-------- The data --------

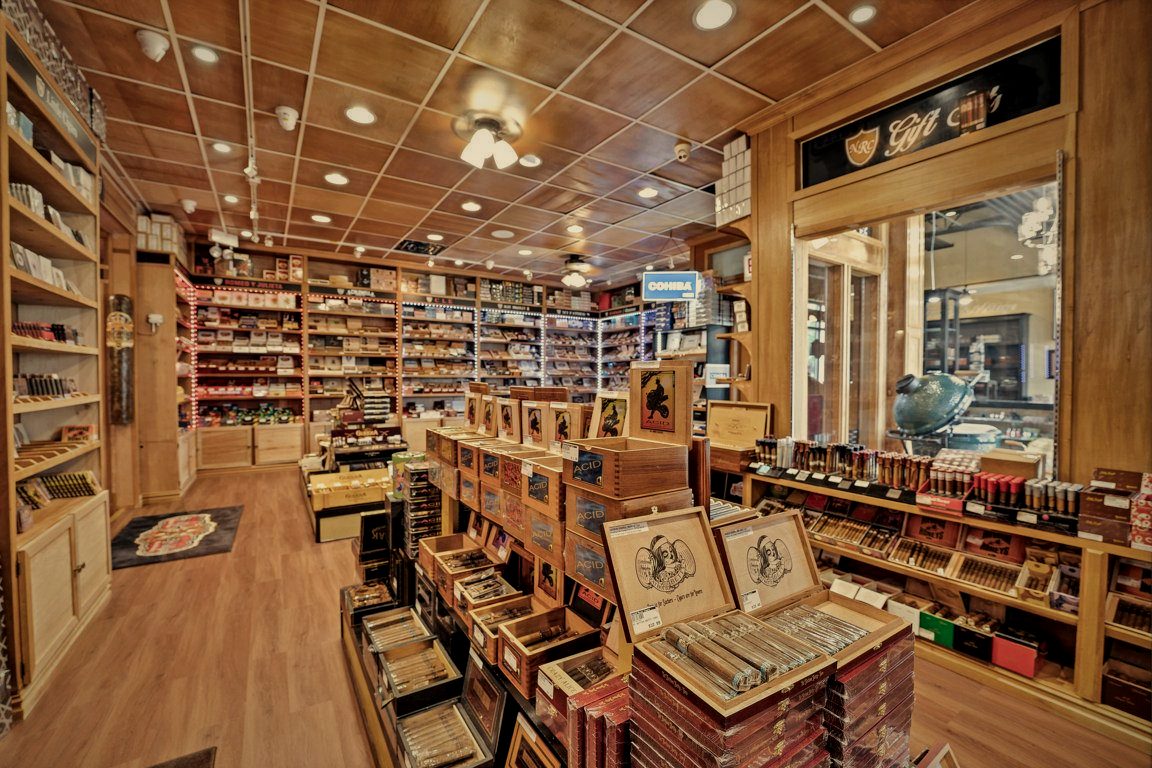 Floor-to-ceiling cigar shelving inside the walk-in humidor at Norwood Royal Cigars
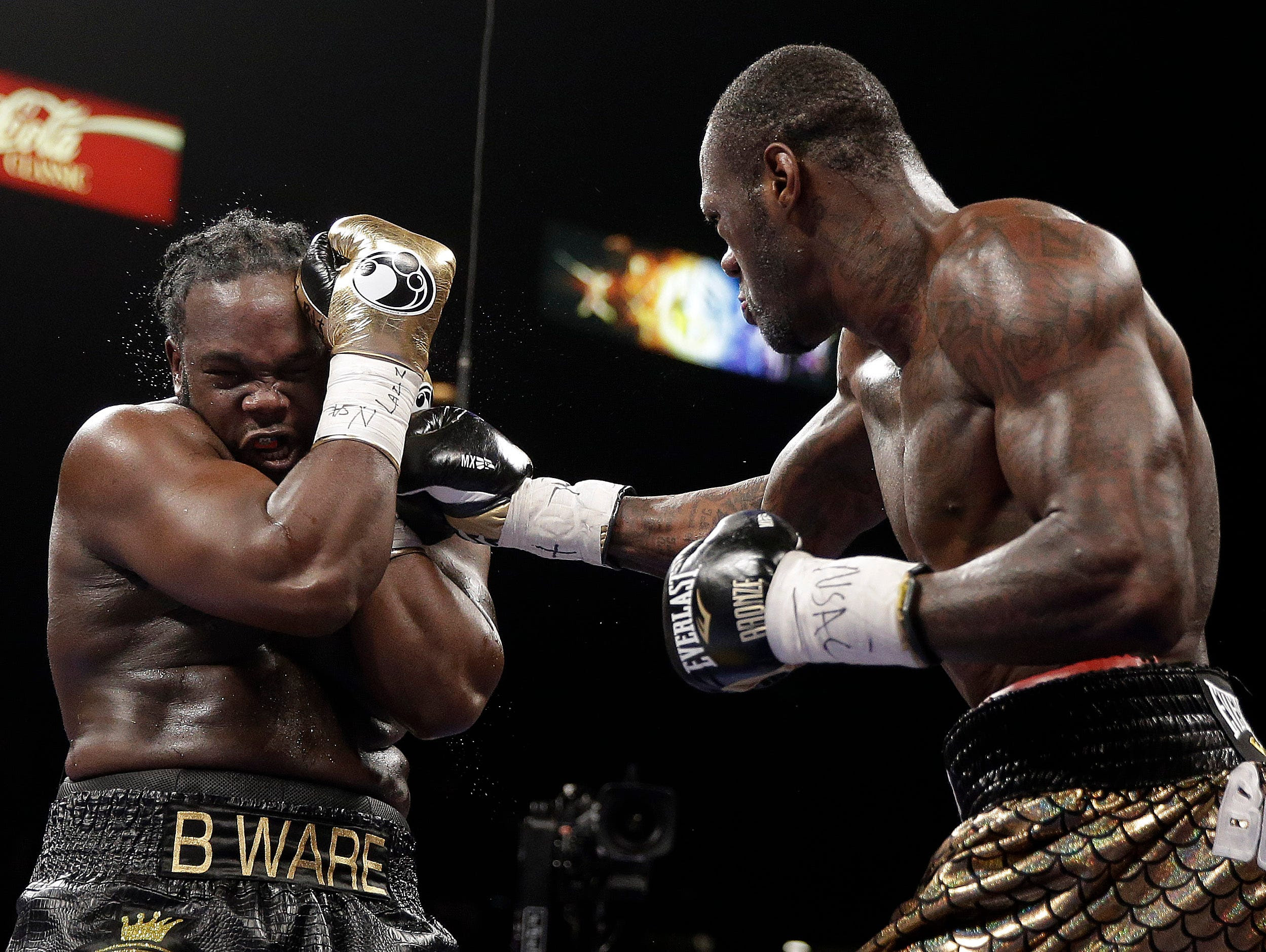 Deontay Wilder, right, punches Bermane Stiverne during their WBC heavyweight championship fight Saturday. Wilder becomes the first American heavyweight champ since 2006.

--------
-------- The data --------

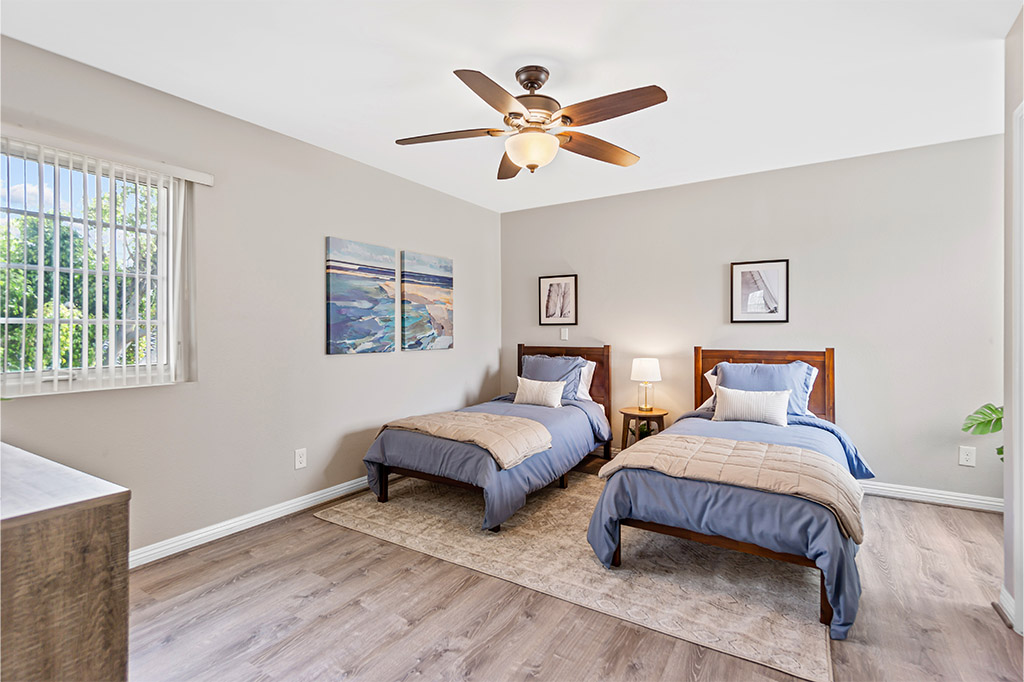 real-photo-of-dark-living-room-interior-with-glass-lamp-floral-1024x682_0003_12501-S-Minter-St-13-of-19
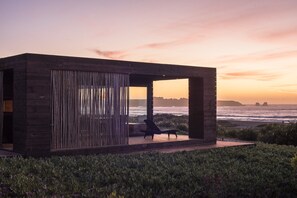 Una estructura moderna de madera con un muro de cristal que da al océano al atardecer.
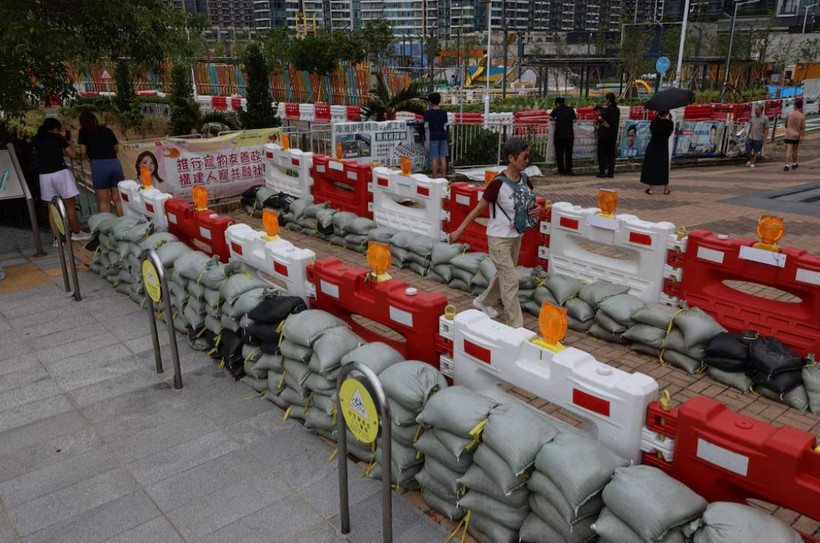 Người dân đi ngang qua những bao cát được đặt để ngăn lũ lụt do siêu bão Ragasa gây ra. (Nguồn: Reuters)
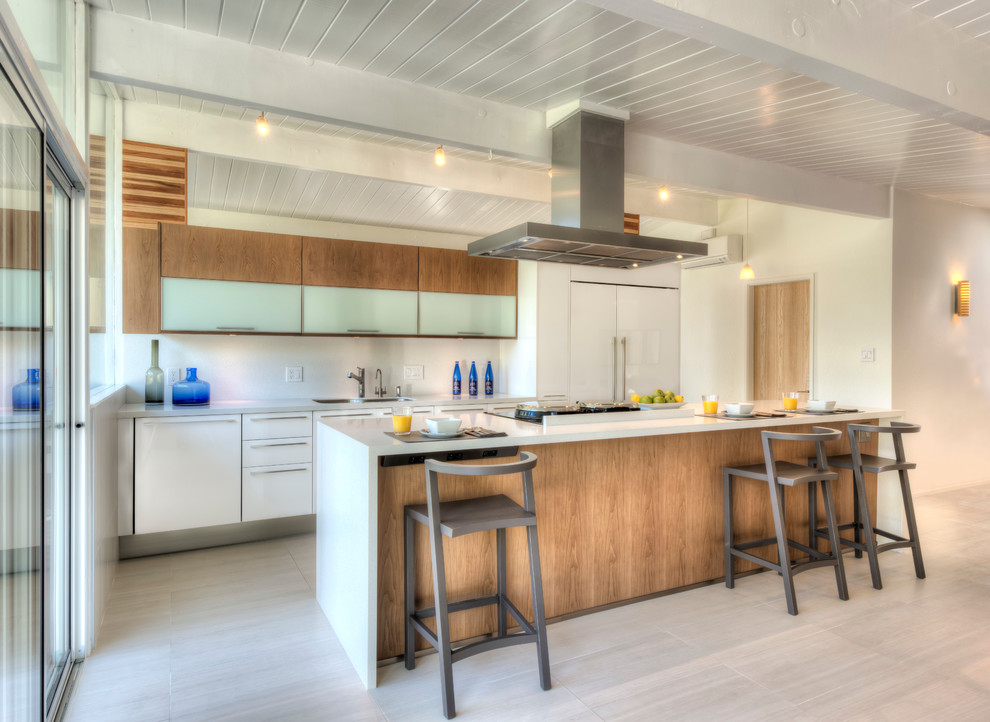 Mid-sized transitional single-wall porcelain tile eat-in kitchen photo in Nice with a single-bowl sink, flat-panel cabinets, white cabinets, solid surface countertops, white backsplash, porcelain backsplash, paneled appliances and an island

--------
-------- The data --------

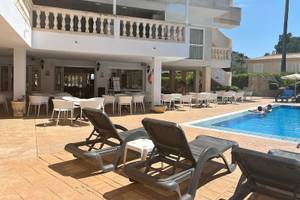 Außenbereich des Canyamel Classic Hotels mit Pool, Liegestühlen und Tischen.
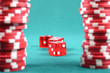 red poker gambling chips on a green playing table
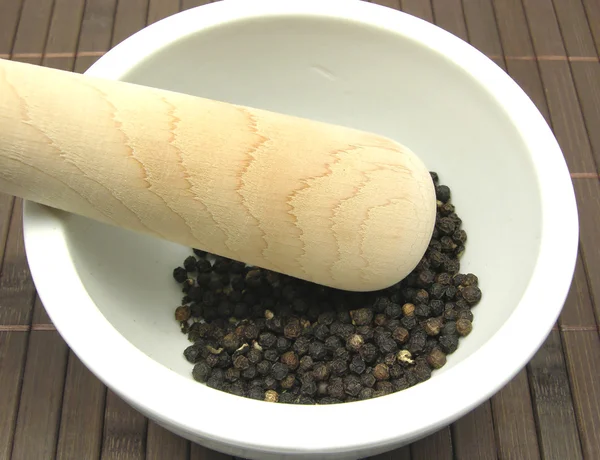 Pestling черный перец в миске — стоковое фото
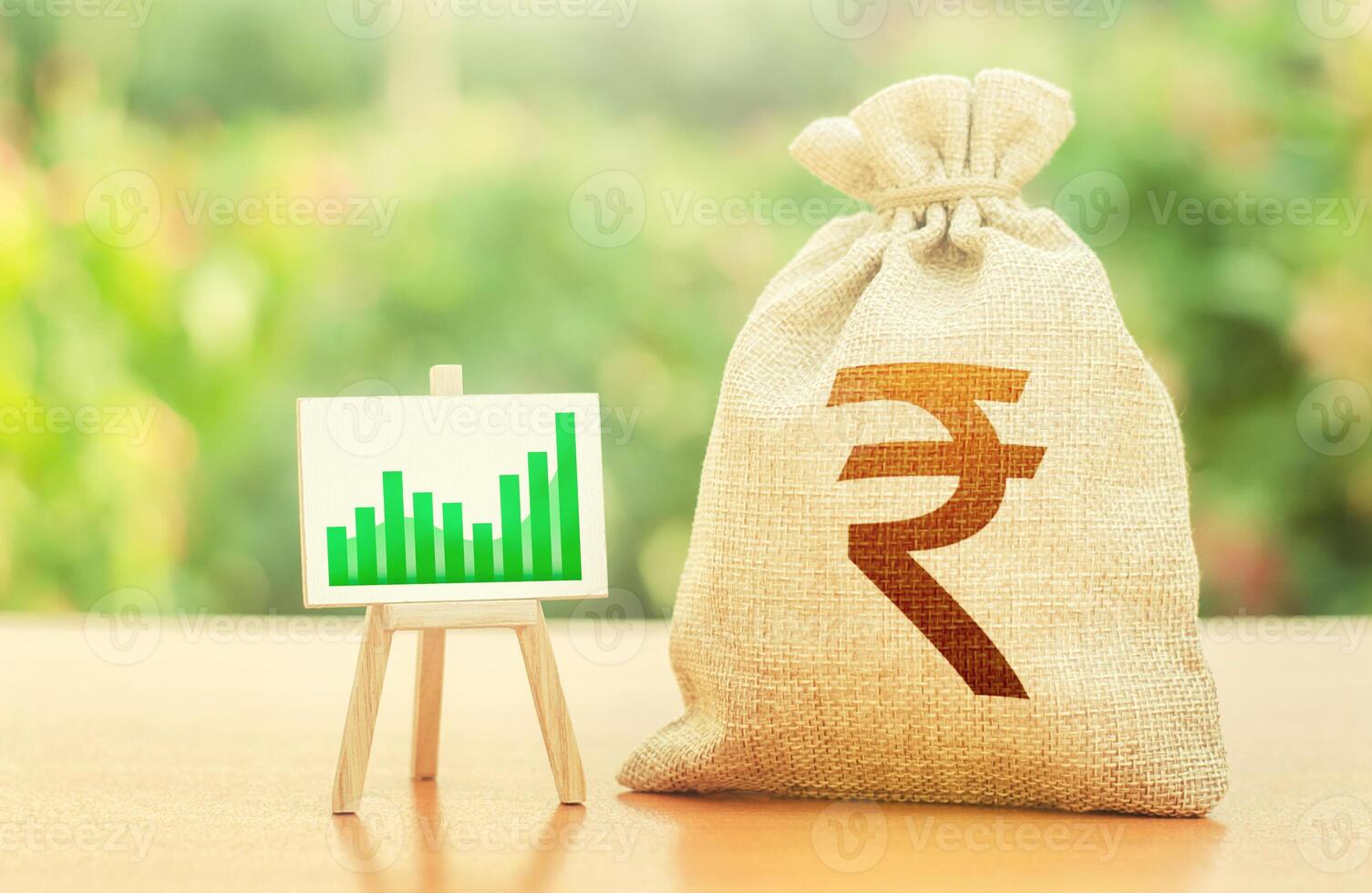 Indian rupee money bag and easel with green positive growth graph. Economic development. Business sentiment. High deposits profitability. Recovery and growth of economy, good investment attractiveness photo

--------

:: What the task requires ::
Extract, without any images, the part of the material above that opens with the line containing "red poker gambling" and closes with the line containing "Pestling черный перец", both lines included.

:: Answer to this problem ::
 red poker gambling chips on a green playing table
 Pestling черный перец в миске — стоковое фото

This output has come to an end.